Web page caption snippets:
● ● ●

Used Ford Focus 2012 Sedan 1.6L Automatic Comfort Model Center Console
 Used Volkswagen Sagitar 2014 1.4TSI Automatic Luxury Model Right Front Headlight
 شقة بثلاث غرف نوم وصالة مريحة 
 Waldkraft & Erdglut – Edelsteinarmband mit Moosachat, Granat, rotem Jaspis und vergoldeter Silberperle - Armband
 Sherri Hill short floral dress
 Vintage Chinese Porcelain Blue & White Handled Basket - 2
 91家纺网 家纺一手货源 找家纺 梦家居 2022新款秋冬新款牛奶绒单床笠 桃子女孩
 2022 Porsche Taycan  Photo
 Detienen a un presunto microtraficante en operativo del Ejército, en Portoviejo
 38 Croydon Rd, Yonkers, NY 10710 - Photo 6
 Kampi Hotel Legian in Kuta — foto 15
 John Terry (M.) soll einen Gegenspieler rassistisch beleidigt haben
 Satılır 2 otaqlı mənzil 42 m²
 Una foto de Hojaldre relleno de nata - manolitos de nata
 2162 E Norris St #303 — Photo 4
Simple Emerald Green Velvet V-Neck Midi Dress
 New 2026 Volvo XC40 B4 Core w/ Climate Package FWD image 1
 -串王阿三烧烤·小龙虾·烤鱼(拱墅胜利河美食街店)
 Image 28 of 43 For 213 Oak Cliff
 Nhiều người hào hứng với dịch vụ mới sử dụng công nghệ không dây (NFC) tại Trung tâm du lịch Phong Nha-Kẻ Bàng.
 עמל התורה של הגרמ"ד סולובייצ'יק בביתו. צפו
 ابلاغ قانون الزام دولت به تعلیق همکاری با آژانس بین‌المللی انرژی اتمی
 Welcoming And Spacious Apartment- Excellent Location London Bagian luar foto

● ● ●

## Task description
With no word changed, write the entries out once more.

## Solution to this problem
Used Ford Focus 2012 Sedan 1.6L Automatic Comfort Model Center Console
 Used Volkswagen Sagitar 2014 1.4TSI Automatic Luxury Model Right Front Headlight
 شقة بثلاث غرف نوم وصالة مريحة 
 Waldkraft & Erdglut – Edelsteinarmband mit Moosachat, Granat, rotem Jaspis und vergoldeter Silberperle - Armband
 Sherri Hill short floral dress
 Vintage Chinese Porcelain Blue & White Handled Basket - 2
 91家纺网 家纺一手货源 找家纺 梦家居 2022新款秋冬新款牛奶绒单床笠 桃子女孩
 2022 Porsche Taycan  Photo
 Detienen a un presunto microtraficante en operativo del Ejército, en Portoviejo
 38 Croydon Rd, Yonkers, NY 10710 - Photo 6
 Kampi Hotel Legian in Kuta — foto 15
 John Terry (M.) soll einen Gegenspieler rassistisch beleidigt haben
 Satılır 2 otaqlı mənzil 42 m²
 Una foto de Hojaldre relleno de nata - manolitos de nata
 2162 E Norris St #303 — Photo 4
Simple Emerald Green Velvet V-Neck Midi Dress
 New 2026 Volvo XC40 B4 Core w/ Climate Package FWD image 1
 -串王阿三烧烤·小龙虾·烤鱼(拱墅胜利河美食街店)
 Image 28 of 43 For 213 Oak Cliff
 Nhiều người hào hứng với dịch vụ mới sử dụng công nghệ không dây (NFC) tại Trung tâm du lịch Phong Nha-Kẻ Bàng.
 עמל התורה של הגרמ"ד סולובייצ'יק בביתו. צפו
 ابلاغ قانون الزام دولت به تعلیق همکاری با آژانس بین‌المللی انرژی اتمی
 Welcoming And Spacious Apartment- Excellent Location London Bagian luar foto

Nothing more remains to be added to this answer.